I take issue with a number of things. First, I think the way the cases are portrayed in the media is disingenuous. In the CTE Center’s scientific papers, they assert that one cannot imply or conclude prevalence but then will go on to state in the media that they think every player has this. The CTE Center has also clearly stated in their papers that findings of a study should not be used to inform safety and/or policy decisions in youth football but then proposes publicly in the media and in testimony before state legislatures that tackle football should be banned for kids under 14. It also bothers me when they put up a photo of an atrophic brain and claim it's severe CTE without any other qualifier. Over half of the 'severe' cases of CTE have another primary neurodegenerative disease, so when you look at those nice photos of atrophic brains, you have to wonder what other disease is lurking in there. Is it also Alzheimer’s disease? As stated by their very own consensus recommendations, if another neurodegnerative disease is present, it excludes CTE as the sole diagnosis. So, when the photos are shown in the media and they don't tell you it's Alzheimer's disease with CTE, it's disingenuous at best. Science doesn't stop at the paper, it continues into the public arena where it is used to educate the public. Here, it's not educating, it's fear mongering. I also have great concerns over the lack of transparency with information coming from the CTE Center. I described some of this in great detail in the book. For example, not turning over documents when presented with a signed release from a family; requiring a subpoena and then failing to turn over all the records; when I demand the missing records I am asked 'why am I drilling so hard? The NHL didn't drill this hard,'; and when I finally get the records, the names of the clinicians who reached the diagnoses are blacked out. Why? Additionally, the public should know that there exists cases where neuropathologists have looked at brains prior to the CTE Center and failed to find CTE, but when the brain arrive at the CTE Center, they all have CTE. This diagnostic discrepancy is alarming. There are many other examples in the book.

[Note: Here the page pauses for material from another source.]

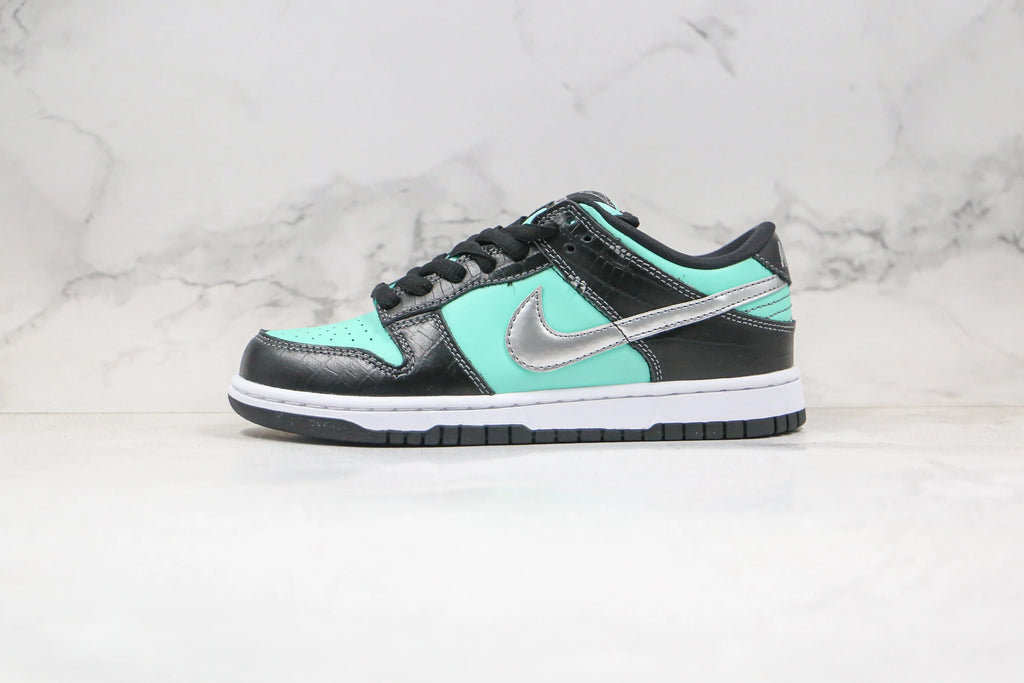 Nike SB Dunk Low Diamond Supply Co Aqua Blue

4. The title of your book is rather sensational (“the plot to destroy football”). Are there actually people plotting a plan? If so, who are these conspirators?
I think we paint a pretty clear picture in the book of what is going on and how football has been targeted. For example, with the recent proposed legislation to ban youth tackle football in California, I found it outrageous that if the bill would have passed, an 8 year old in California wouldn't be able to play football, but could box or fight in MMA--sports designed to target the head. If this bill was really about brain health in kids, the coverage would encompass all areas of potential brain injury in all sports—not just football. The PR campaign accompanying the public release of the various CTE studies intentionally generate undue fear in parents and in the general public. The PR has intentionally tried to definitively link youth football to subsequent CTE-- and there is no scientific evidence of that. And for scientists involved in CTE research, who mind you, have no training, certification, or experience in youth football, to call out the sport for not responding is deceptive-- it's one of the reasons why I did become certified and I started to coach both flag and tackle and I would argue that no other youth sport has made a more radical transformation than youth football in response to safety concerns; I know this because I coach! Another example from the book is how some at BU have tried to silence me and discredit my opinions.
In the end "Brainwashed" is a very optimistic book full of hope and information which we hope will empower people. We wrote it as two dads asking the same questions a lot of other parents are asking and I think people who read the book will see that and realize it’s our journey for the truth for our own kids. In the end, we really hope people will have more information and be in a better position to make an informed decision as to whether or not a particular sport is right for their family.